Although Nvidia's year-on-year growth gave it one other record quarter, the pace was far slower than the 262 percent jump in sales the corporate reported within the previous quarter.

Earnings per share were 68 cents (expected 65 cents), net profit was 16.6 billion dollars. The gross margin reached 75.1 percent (analysts had expected 75.5 percent).

Earlier this month, it emerged that a delay in the subsequent generation of chips, called Blackwell, could pose a possible obstacle to Nvidia's rapid growth. Huang had previously said that Blackwell would generate “rather a lot” of revenue this yr.

Chief Financial Officer Colette Kress addressed the delays on Wednesday, saying that Nvidia – which works with Taiwan Semiconductor Manufacturing Company to construct its chips – has made changes to Blackwell's production to enhance manufacturing yield.

She added: “The production increase at Blackwell is predicted to start within the fourth quarter and proceed through fiscal 2026. We expect Blackwell to generate multi-billion dollar revenue within the fourth quarter.”

Huang added that demand for the present generation Hopper chips “stays strong.”

In a conference call with investors, Huang didn’t elaborate on the extent of Blackwell's delay, but said the design change was complete and “no functional changes were mandatory.”

Recent quarterly results from Google, Microsoft, Meta and Amazon have shown how much money the massive tech corporations have invested in constructing the infrastructure to coach and run AI models. They are also amongst Nvidia's biggest customers, and the earnings report should provide a temperature check on the overall mood around AI.

As for the large spending on AI infrastructure, “we're seeing the momentum of generative AI speed up,” Huang said. The company expects its data center revenue, which reached $26.3 billion last quarter, to grow “quite significantly” next yr.

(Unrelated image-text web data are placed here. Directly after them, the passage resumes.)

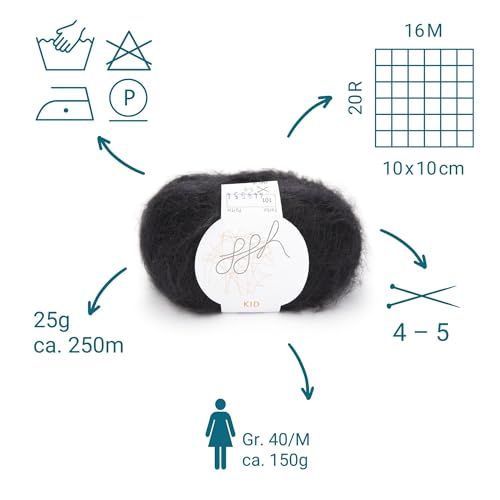 ggh Kid Mohairwolle 25g Schwarz – Bild 3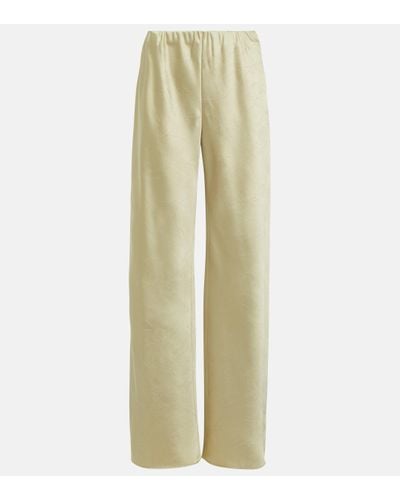 Vince High-rise Satin Wide-leg Trousers - Natural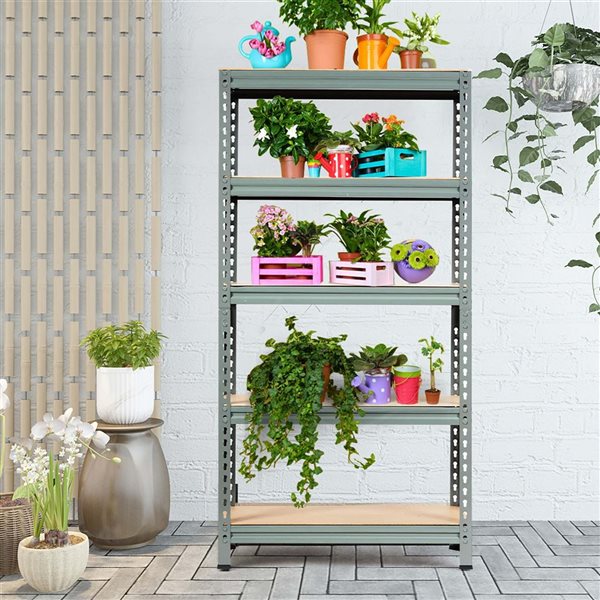 Costway 5-Tier Steel Shelving Unit Adjustable 60-in - Grey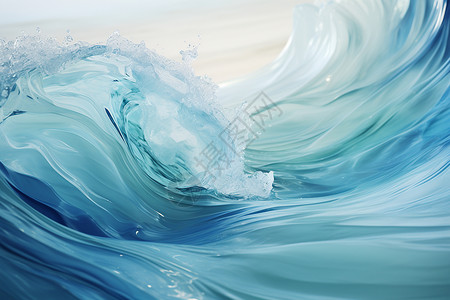 海洋中宁静的冲浪插画背景图片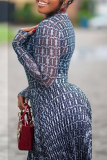 Sexy Print Patchwork O Neck Long Dresses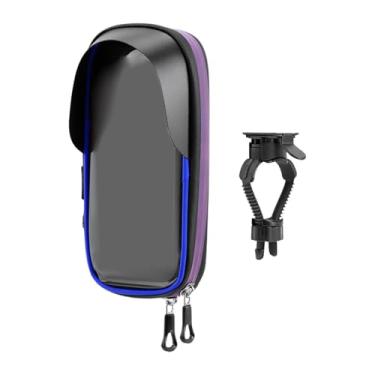 Imagem de ZGUZMCMK Suporte para celular para bicicleta, bolsa de guidão para ciclismo, antivibração, design com viseira solar, rotação de 360 ​​graus para celulares com, Azul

Daniel Newman, CEO of Futurum Group, called it a “solid quarter, but anything lower than a degree at the highest of estimates would likely be met with some consternation.”

“I feel we're seeing a peak in expectations and there's a lot buying occurring in (Nvidia) that there's really no upside barring a ridiculous forecast or a surprise announcement,” he said. “Hopper demand should allow the corporate to soundly beat its (forecast), which was above consensus but still conservative for my part.”